Available records Block Start
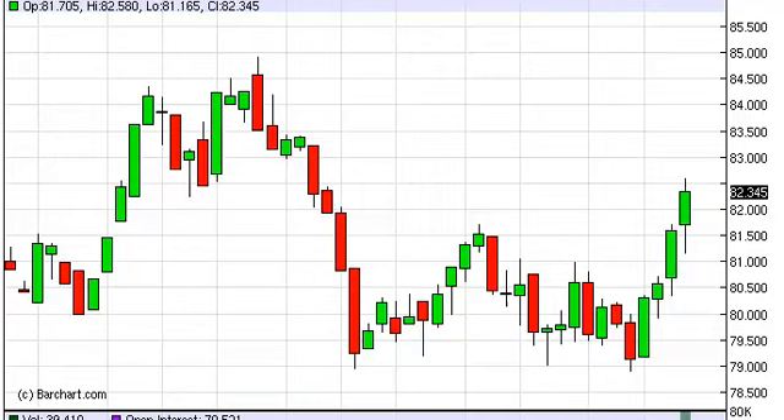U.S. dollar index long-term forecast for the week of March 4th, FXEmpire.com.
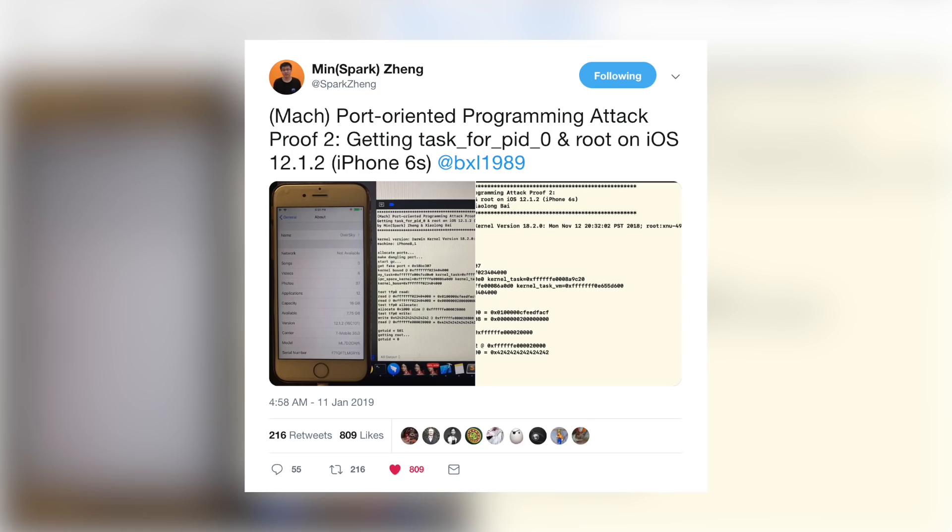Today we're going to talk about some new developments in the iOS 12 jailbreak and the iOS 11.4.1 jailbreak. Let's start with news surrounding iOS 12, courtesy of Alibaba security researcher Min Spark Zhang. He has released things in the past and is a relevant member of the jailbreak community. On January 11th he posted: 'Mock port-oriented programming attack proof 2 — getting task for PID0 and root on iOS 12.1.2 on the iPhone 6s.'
Available records Block End
Available records Block Start
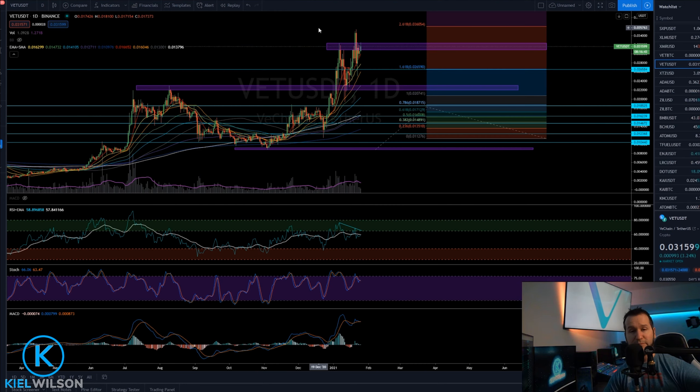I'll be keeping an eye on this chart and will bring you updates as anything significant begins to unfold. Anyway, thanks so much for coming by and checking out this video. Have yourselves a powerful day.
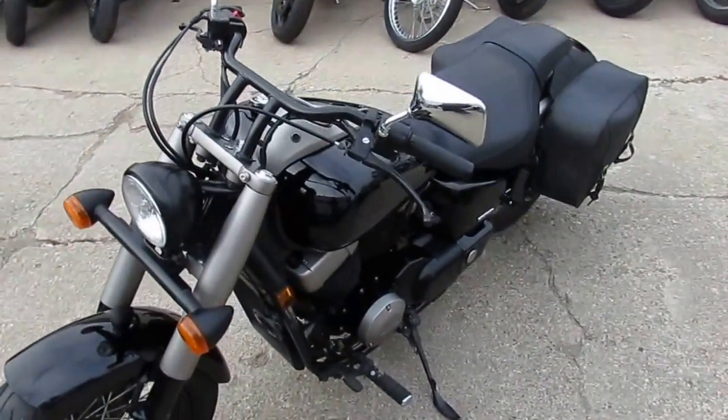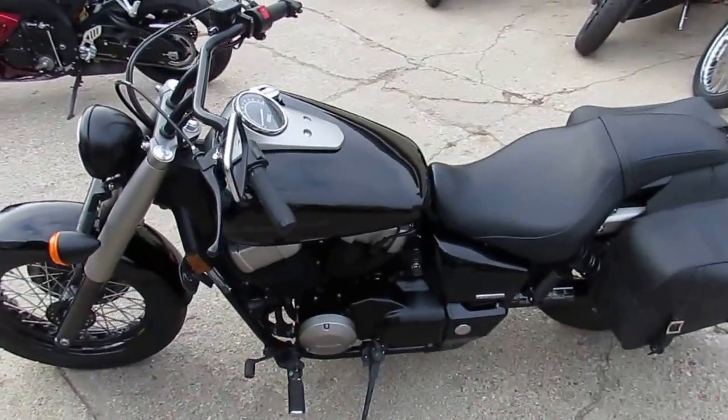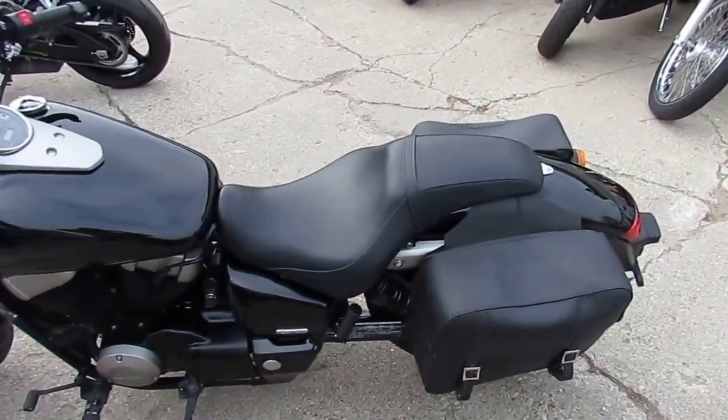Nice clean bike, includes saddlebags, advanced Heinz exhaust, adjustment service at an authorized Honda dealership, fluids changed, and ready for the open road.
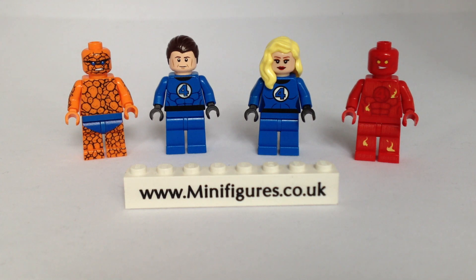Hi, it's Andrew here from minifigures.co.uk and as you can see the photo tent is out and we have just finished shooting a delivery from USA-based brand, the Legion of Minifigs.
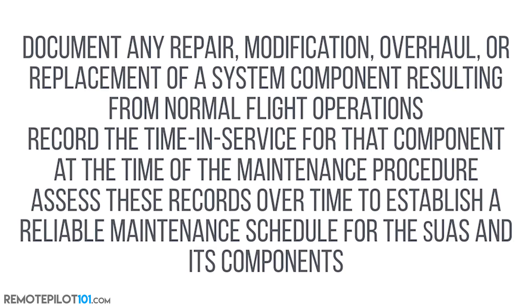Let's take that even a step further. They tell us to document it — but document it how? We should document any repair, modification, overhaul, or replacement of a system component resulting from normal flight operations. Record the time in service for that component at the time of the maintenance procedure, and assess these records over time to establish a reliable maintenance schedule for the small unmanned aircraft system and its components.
Available records Block End
• _Work required_
Exactly reproduce the lines above, starting at the one that contains "Nice clean bike, includes" and ending at the one that contains "Let's take that", both inclusive; leave the pictures out and add no other lines.

• _Exercise solution_
Nice clean bike, includes saddlebags, advanced Heinz exhaust, adjustment service at an authorized Honda dealership, fluids changed, and ready for the open road.
Hi, it's Andrew here from minifigures.co.uk and as you can see the photo tent is out and we have just finished shooting a delivery from USA-based brand, the Legion of Minifigs.
Let's take that even a step further. They tell us to document it — but document it how? We should document any repair, modification, overhaul, or replacement of a system component resulting from normal flight operations. Record the time in service for that component at the time of the maintenance procedure, and assess these records over time to establish a reliable maintenance schedule for the small unmanned aircraft system and its components.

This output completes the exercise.